**TASK DESCRIPTION**: Please print exactly the lines from the line containing "Here Comes My" through the end of the data, no more, and keep pictures out of the copy.

**Short web captions**:
————
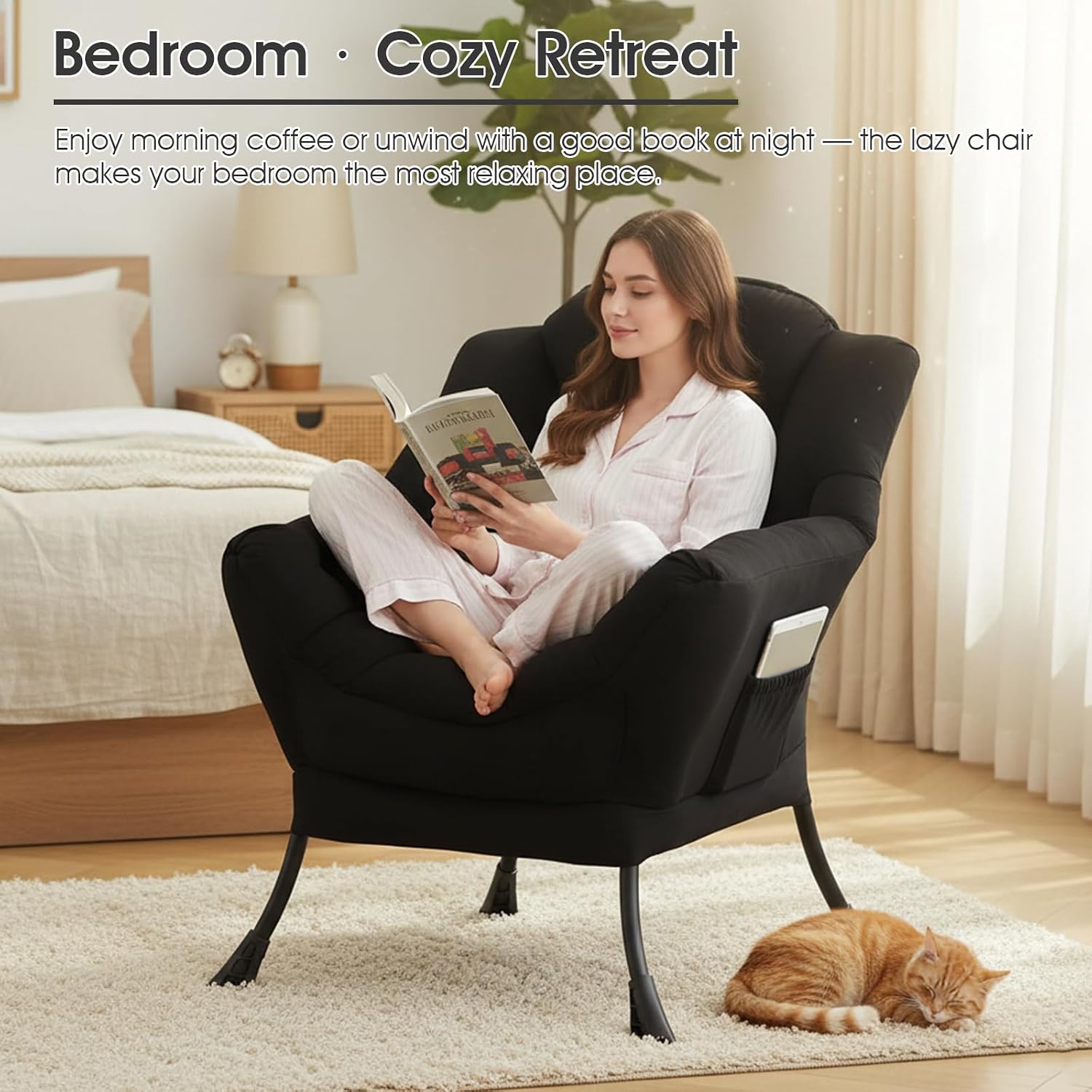 Lazy Chair for Living Room, Large Black Accent Chair with a Throw Pillow, Leisure Sofa Chair Set, Comfy Reading Chair for Bedroom, Dorm Room, Office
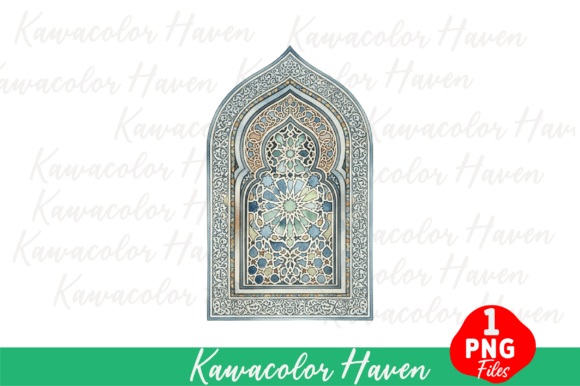 Download Watercolor Islamic Window Arabic Design - Color Collection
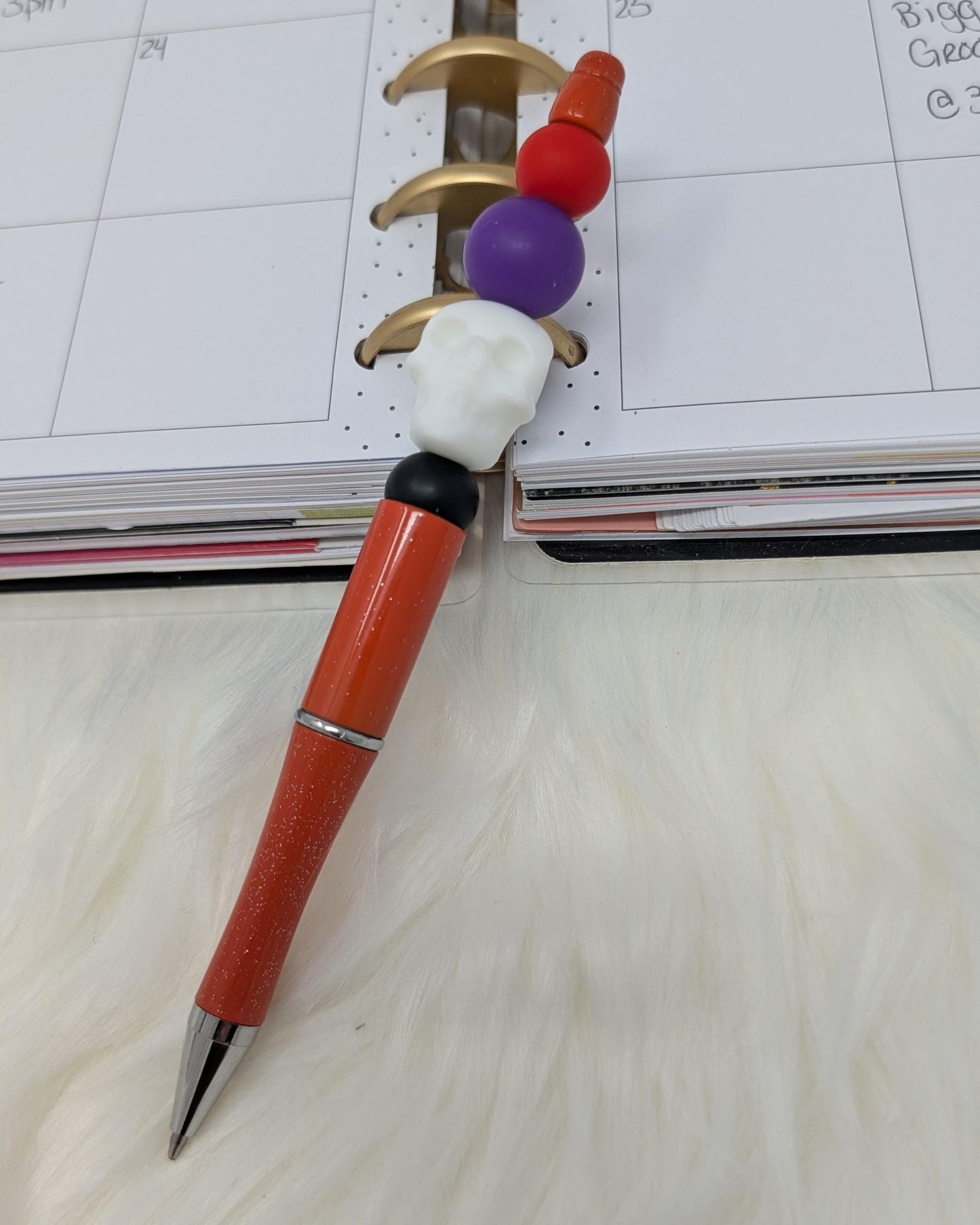 Handmade Beaded Halloween Pen: Skulls, Pumpkins & Spooky Beads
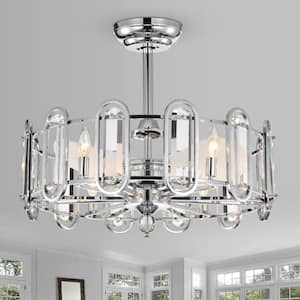 26 in. Smart Indoor Chrome Ceiling Fan with Remote Control 3 Blades Reversible Quiet DC Motor Crystal Chandelier Fan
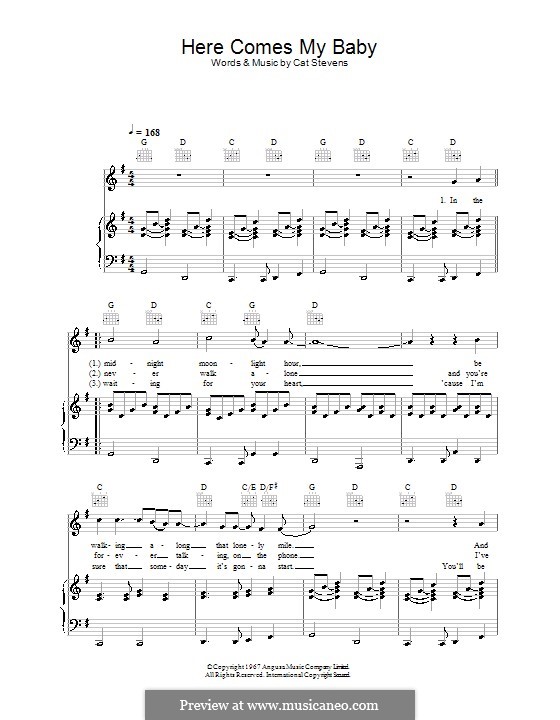 Here Comes My Baby: Für Stimme und Klavier (oder Gitarre) by Cat Stevens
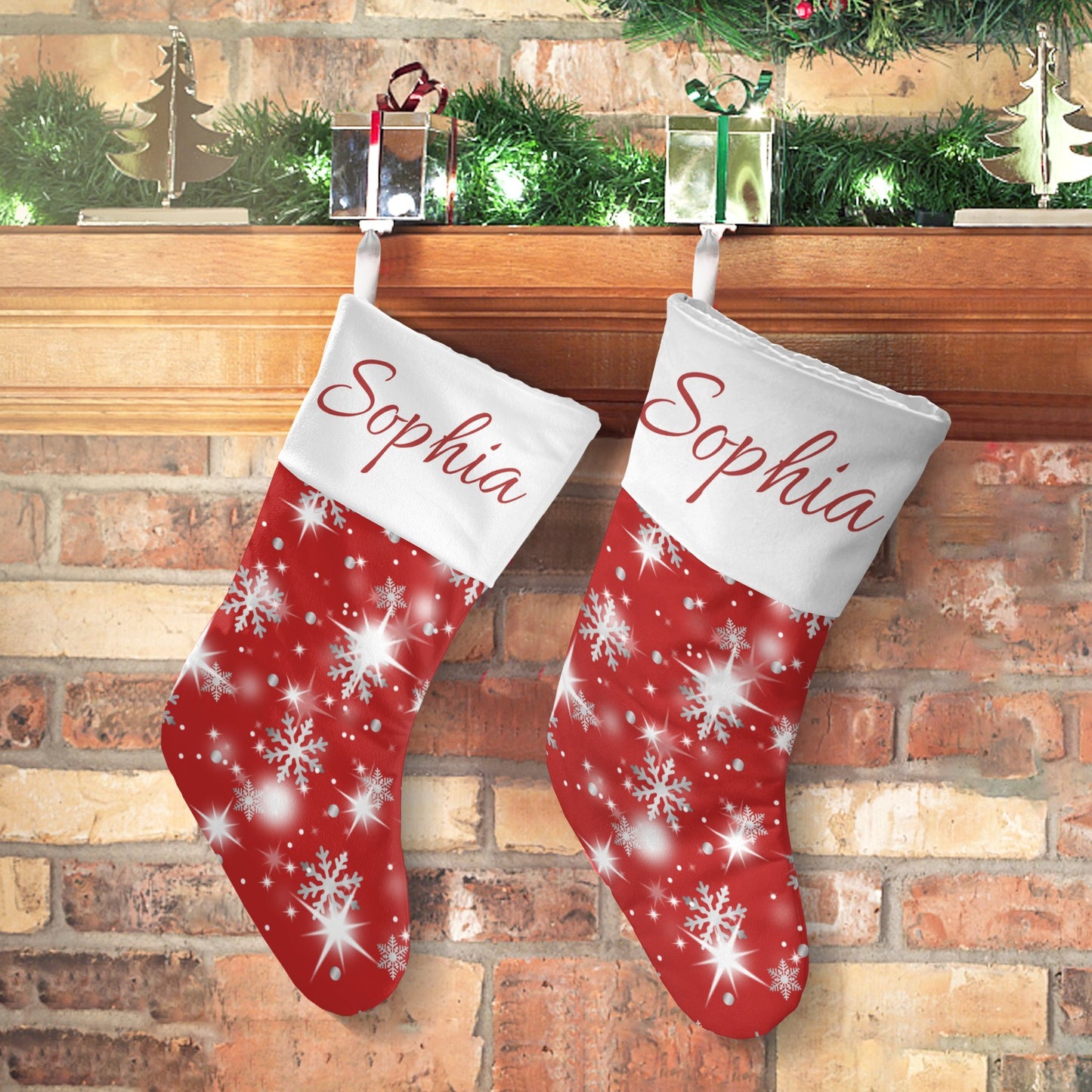 Snow flake red Christmas Stocking Custom Name Santa Socks Gift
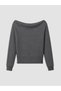 TWO MT SHOP QUALITY XSIDE Anthracite Boat Neck Women's Sweatshirt - 6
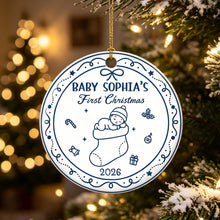 Load image into Gallery viewer, Personalized First Christmas Ornament Custom Name Baby Gift for New Parents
————
**ANSWER TO THIS EXERCISE**:
 Here Comes My Baby: Für Stimme und Klavier (oder Gitarre) by Cat Stevens
 Snow flake red Christmas Stocking Custom Name Santa Socks Gift
 TWO MT SHOP QUALITY XSIDE Anthracite Boat Neck Women's Sweatshirt - 6
 Load image into Gallery viewer, Personalized First Christmas Ornament Custom Name Baby Gift for New Parents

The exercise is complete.